The attribution modeling journey.

After spending almost ten years in the data and martech space–including at the leading mobile attribution company, I can safely say that the hardest challenge marketers face is trying to identify “when,” “where,” and “what” causes prospective leads to convert to paying customers.

Every company wants to optimize their marketing campaigns and increase ROI across channels. However, very few companies see this dream into reality due to the complex nature of attribution modeling.

This blog post will explain attribution modeling, the various types of attribution models, and also show how you can build your own custom attribution model

What is Attribution Modeling?

Attribution modeling is the process of assigning credit or a percent value to specific touchpoints across your marketing channels so you can identify which campaigns contributed to a user’s conversion.

Using a core set of rules that you define, attribution modeling helps you determine how much credit to attribute to various touchpoints across the customer journey so you can optimize your marketing spend towards channels that are more likely to convert.

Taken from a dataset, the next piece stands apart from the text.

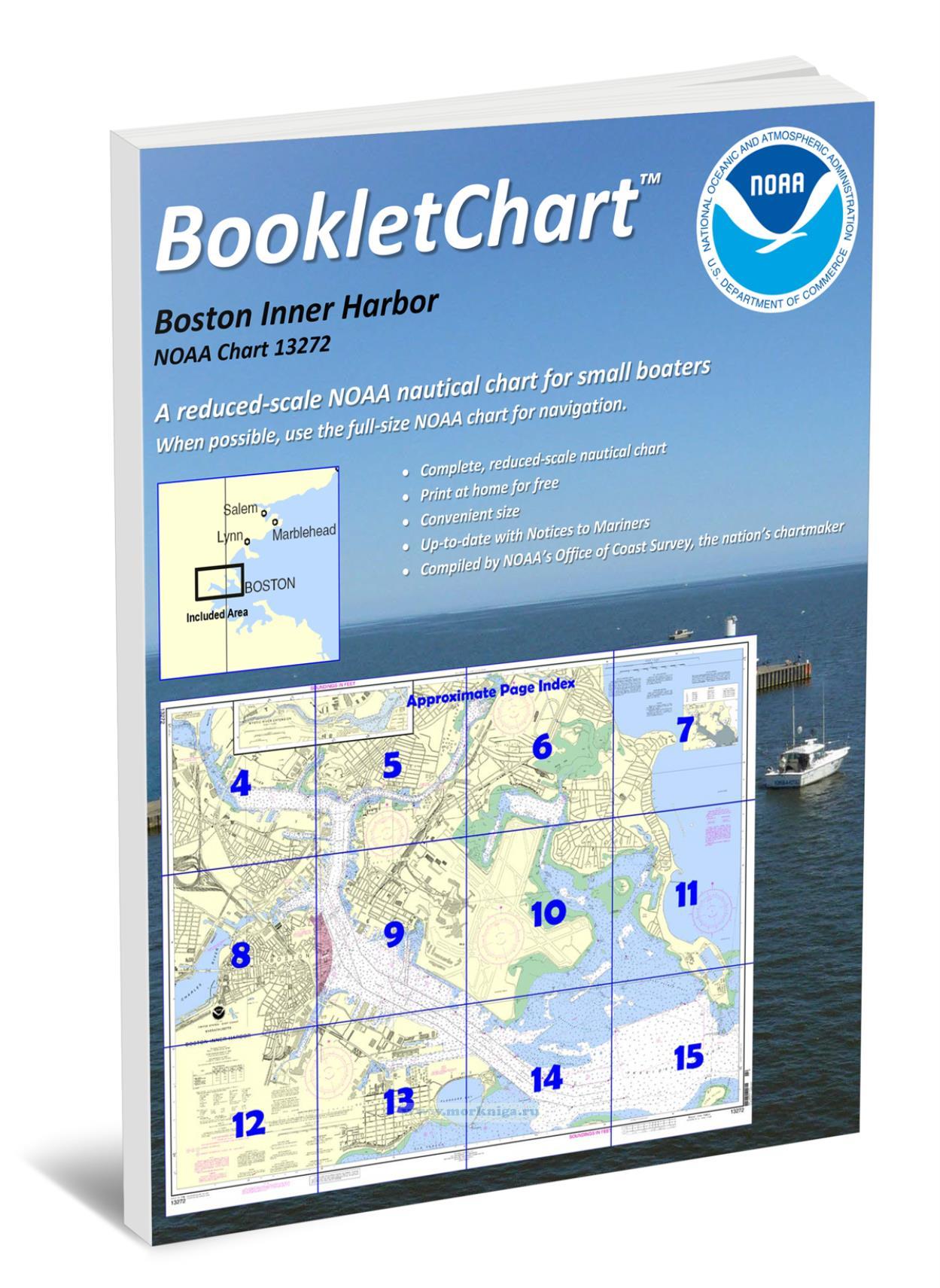 NOAA Chart 13272 Boston Inner Harbor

How to Create an Attribution Model

Building an effective attribution model only takes three steps:

1. Collect data from all of your sources

Attribution modeling starts at the data collection level, where you aggregate data across all of your touchpoints. You can collect data on website and app user visits using tracking tags or UTM parameters. By embedding these parameters within specific URLs, you can track which individual channel, campaign, or test variant drove a user to your website and what they did after they arrived.

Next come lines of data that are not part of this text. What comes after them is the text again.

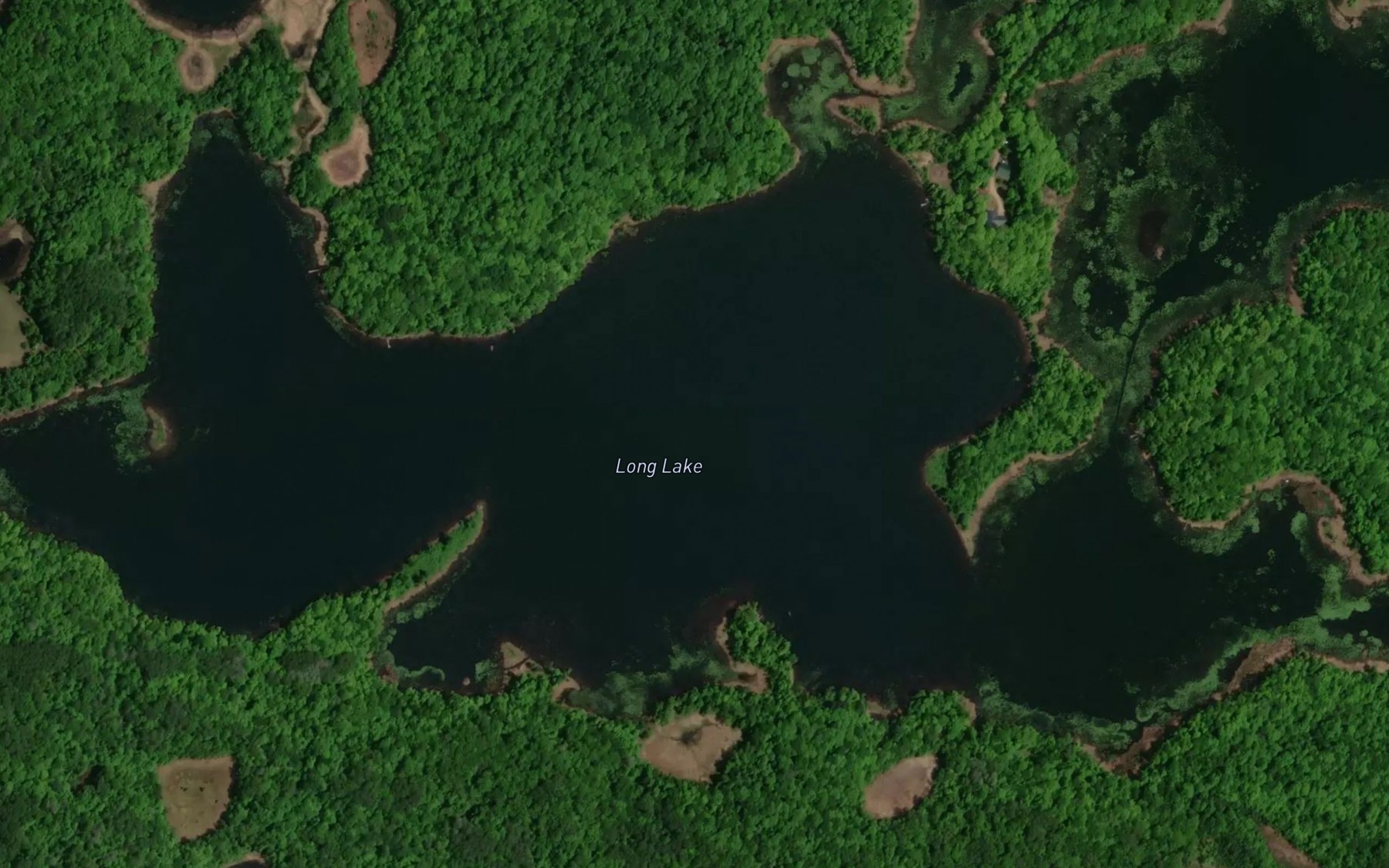 Satellite map of the Long Lake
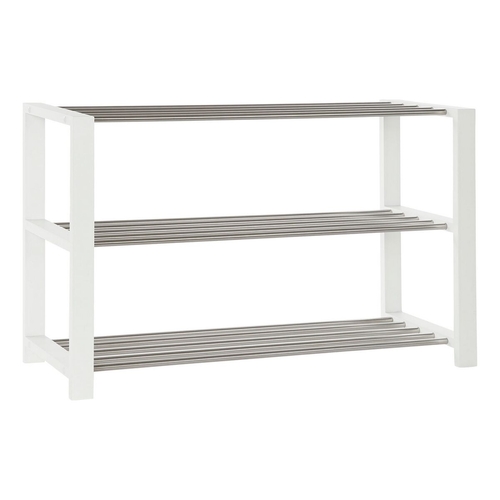 Shoe Rack DKD Home Decor 8424001835041 White Multicolour Silver Wood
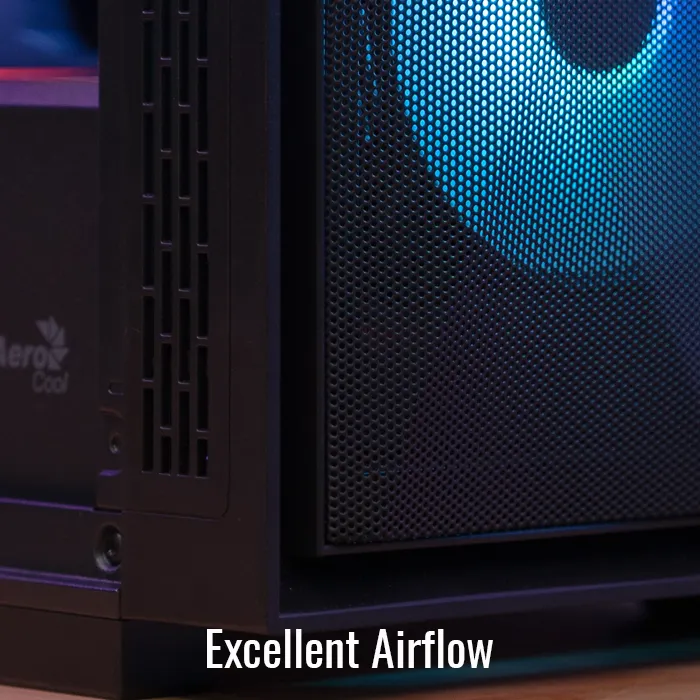 AeroCool Geoflow boîtier PC moyen tour noir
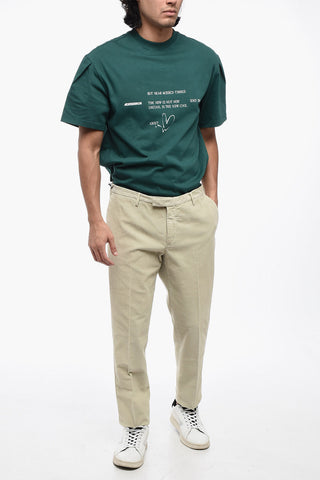 Pantaloni Chino in Velour a Coste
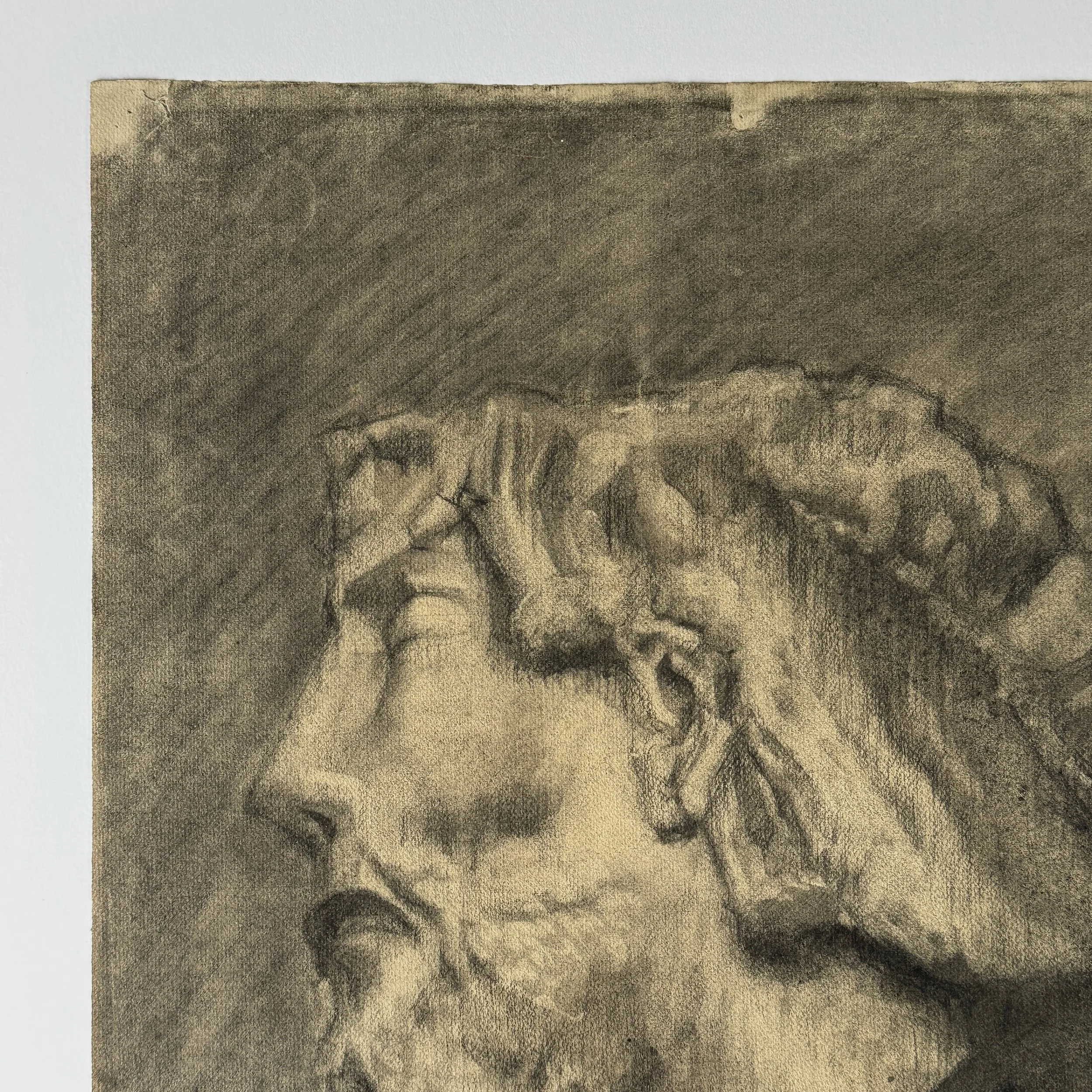 Classical depiction of John the Baptist head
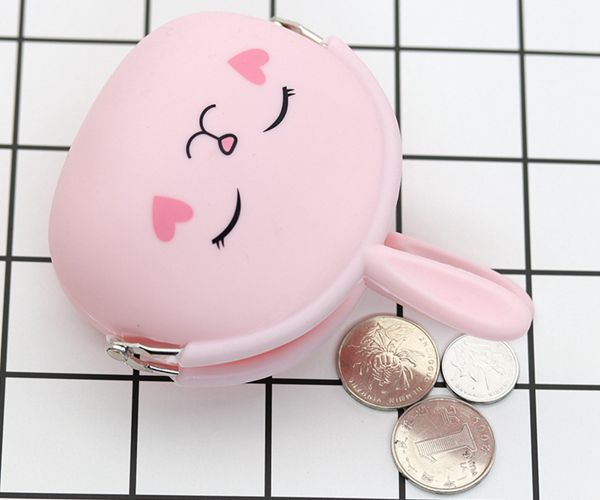 硅膠家用鑰匙包，卡通鑰匙包，女士硅膠鑰匙包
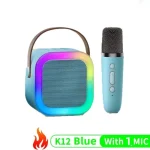 K12 Bluetooth Karaoke Machine – Portable 5W Speaker with Wireless Microphone & RGB Light - Image 11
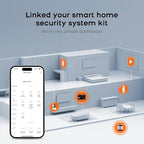 LWOHSI Alarm System for Home Security,Wireless Home Security Systems with Tuya APP Alerts,6 Door/Window Sensor,3 Motion Detectors,Remote,Work with Alexa and Google for Villa,Apartment,Kids Safety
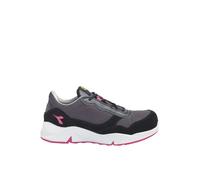 Diadora Utility Athena Text Low S1PL FO SR ESD, Scarpa da Lavoro Antinfortunistica Bassa - Donna (Nero/Fucsia, Numeric_40)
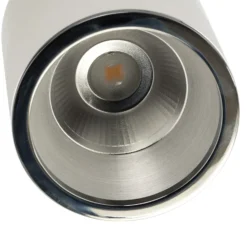 Foco de superficie Bega LED Studio Line, blanco/aluminio, Ø 9 cm, aluminio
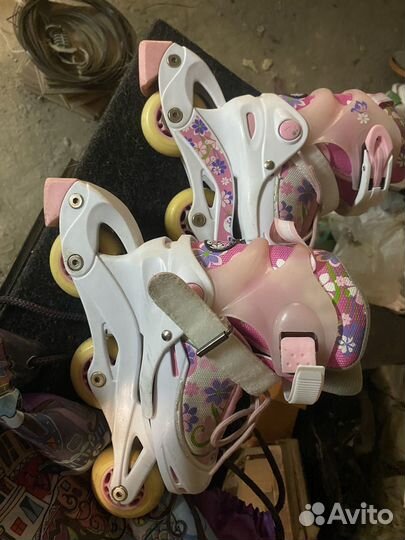 Роликовые коньки детские раздвижные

UTM parameters you can leverage include:

  • utm_source: This tag identifies the source of the direct traffic, such as Google, Facebook, or email.
  • utm_medium: This tag identifies the marketing medium, such as CPC (cost per click), email, or display.
  • utm_campaign: This tag identifies the specific campaign, such as a product launch or a seasonal sale.
  • utm_content: This tag identifies the specific ad or content the user clicked on, such as a banner ad or call-to-action.
  • utm_term: This tag tracks specific keywords used in a campaign, such as in a paid search campaign.

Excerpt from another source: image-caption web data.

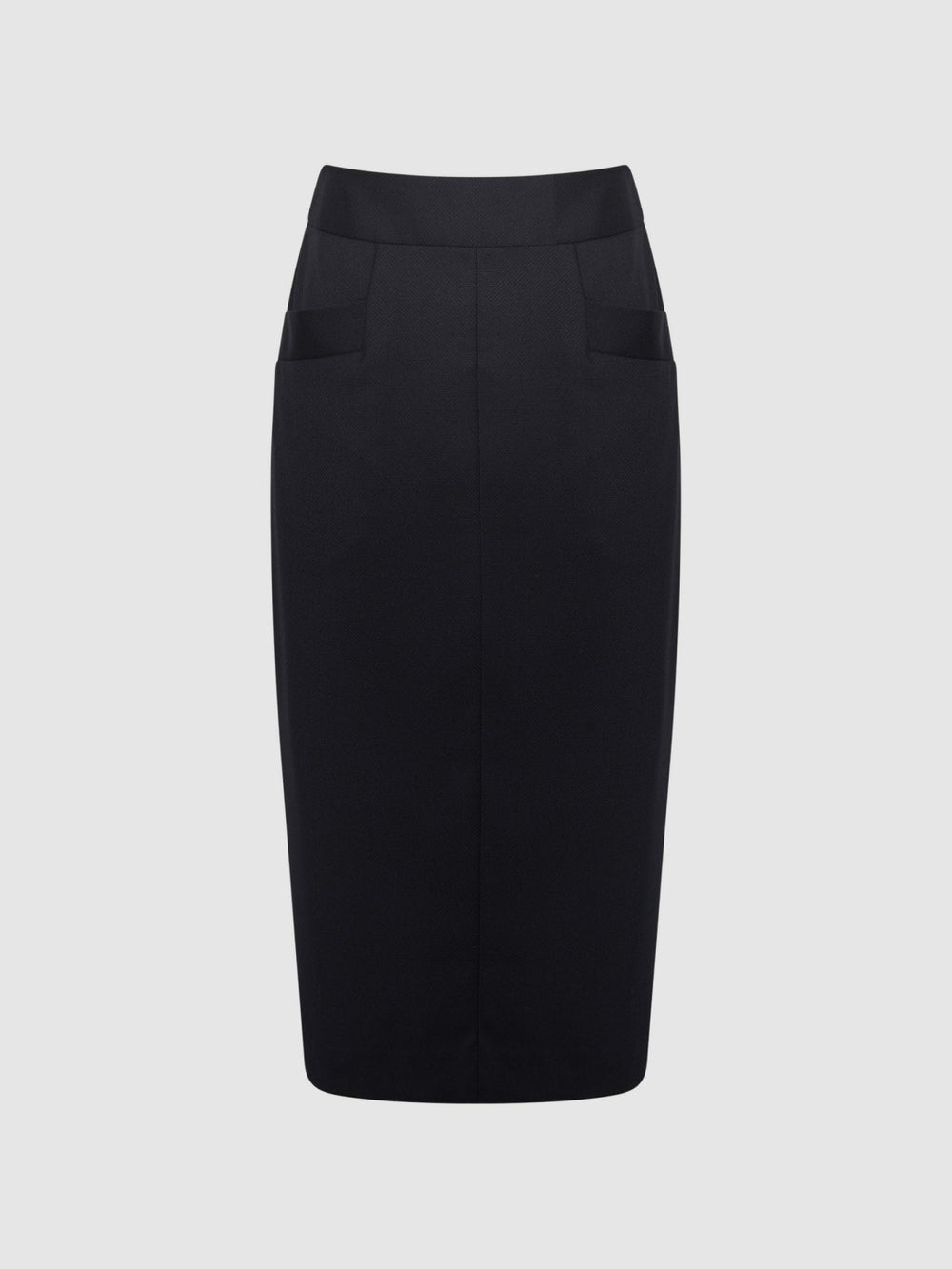 Women Tailored Pencil Skirt in Navy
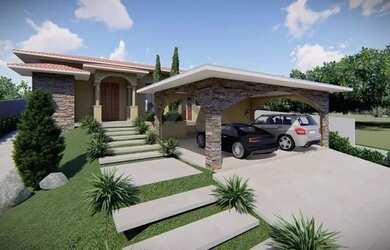 Imagem: A casa em condomínio possui 4 Dormitórios, 5 Banheiros, 4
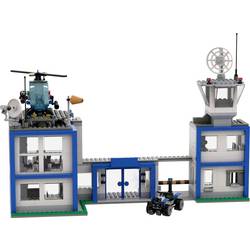 BRIXIES Plus Polizeistation / Police station konstrukční sada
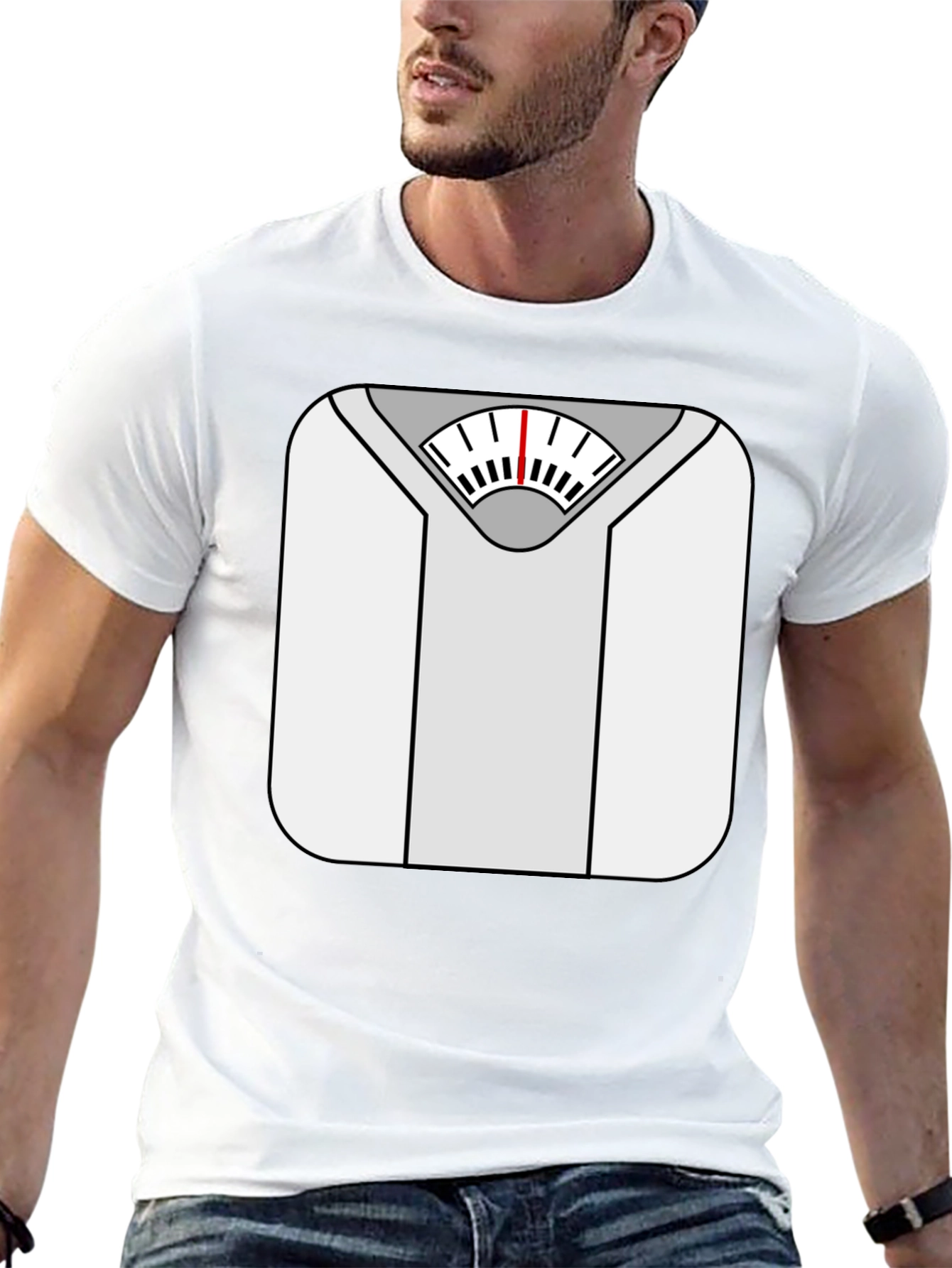 Weight Scale Graphic Tee - Funny Fitness Shirt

Understanding what brought users to your website is only one side of data collection; you also need to collect engagement data on your website or app. Event collection platforms like Snowplow offer code snippets or software deployment kits (SDKs) you can install on your website/app to track behavioral data on your users. This data often includes conversion events like pageview, add to cart, signup, product views, page time, purchase completion, etc.

2. Combine and Centralize Your Data

Once you’ve collected data on which channels and campaigns are driving traffic and are successfully tracking user behavior and conversions, it’s time to start preparing this data for attribution modeling.

To combine all of your data, you will need to ingest all of the data from Step 1 into a data warehouse. The simplest way to do this is by using an ELT solution like Fivetran. This will help automate this process and save developer time and resources. Once your data is centralized in a Data Warehouse, you’re ready to start modeling your data.

3. Choose an Attribution Window

There are multiple types of attribution models, but before selecting a model type, you need to decide on an attribution window. An attribution window is the defined period of time between a user engagement and a conversion during which you believe it’s appropriate to assign credit to the engagement.

For example, at a B2C e-commerce company, you may want to set a 30-day attribution window where if a user clicked on a paid ad and then converted within 30 days, you would assume the paid ad was at least a partial driver of the conversion. Conversely, for a B2B enterprise software company, you may set an attribution window of 12 months because the sales cycle is much longer. Your attribution window will vary greatly based on your industry, product, and sales cycle.

Types of Attribution Models

With attribution modeling, there is no one best model type for every business. Every business is different and has different customer behavior. Also, different attribution model types can teach you different things and provide unique insights.

You will need to choose a model that will help answer the question you are trying to answer. For most businesses, it is helpful to look at multiple attribution models to get a full picture of the customer journey and the overall path to conversion.

While you could technically create an unlimited number of attribution models in your business, there are a few common attribution models that companies rely on to perform measurement across channels.

First-Touch Attribution

First-click attribution (also known as single-touch attribution) is a modeling method that helps you identify which digital marketing channels are most successful in driving initial awareness and engagement with your customers. This modeling method ignores all other touchpoints in your customer journey and instead awards 100% of conversion credit to the initial interaction a customer has had with your brand or product.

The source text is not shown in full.